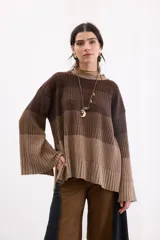 Sweater de punto con diseño de franjas horizontales en degradé de tonos marrones. Presenta cuello redondo a la base, corte recto relajado y mangas largas amplias con tajos laterales.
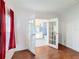En Suite bathroom access with french doors, wood flooring, and a view of the vanity at 200 Patricia Pl, Davenport, FL 33897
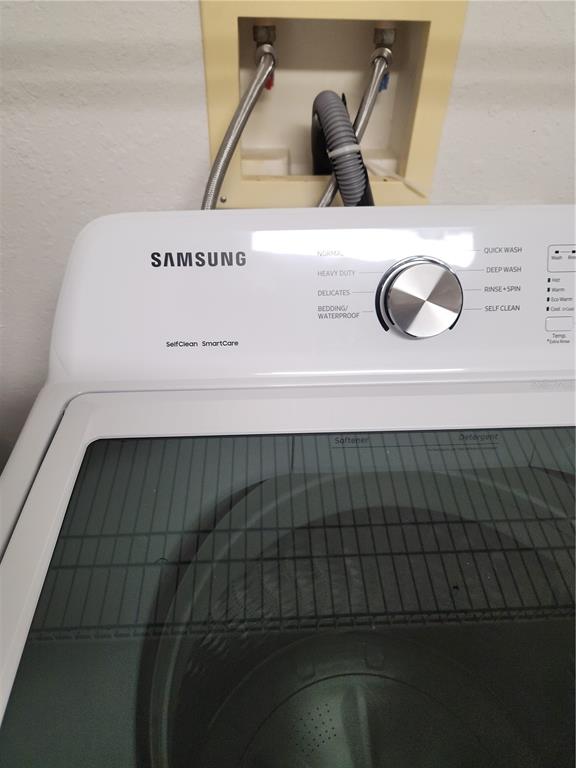 3648 Kings Road, Unit 103 Palm Harbor, FL 34685 - Photo 14 of 26 a utility room with dryer and washer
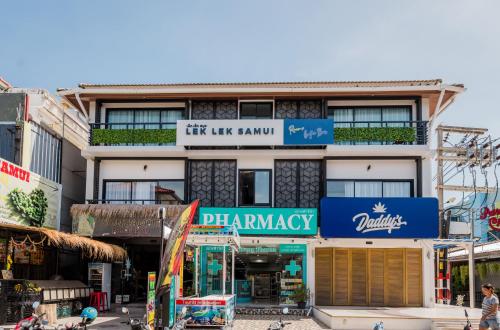 a building with a sign on the side of it at Lek Lek Samui Room X Coffee Bar in Chaweng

■ What to produce ■
All lines of the listing must be given again exactly, excluding the pictures.

■ Written reply ■
 Sweater de punto con diseño de franjas horizontales en degradé de tonos marrones. Presenta cuello redondo a la base, corte recto relajado y mangas largas amplias con tajos laterales.
En Suite bathroom access with french doors, wood flooring, and a view of the vanity at 200 Patricia Pl, Davenport, FL 33897
 3648 Kings Road, Unit 103 Palm Harbor, FL 34685 - Photo 14 of 26 a utility room with dryer and washer
 a building with a sign on the side of it at Lek Lek Samui Room X Coffee Bar in Chaweng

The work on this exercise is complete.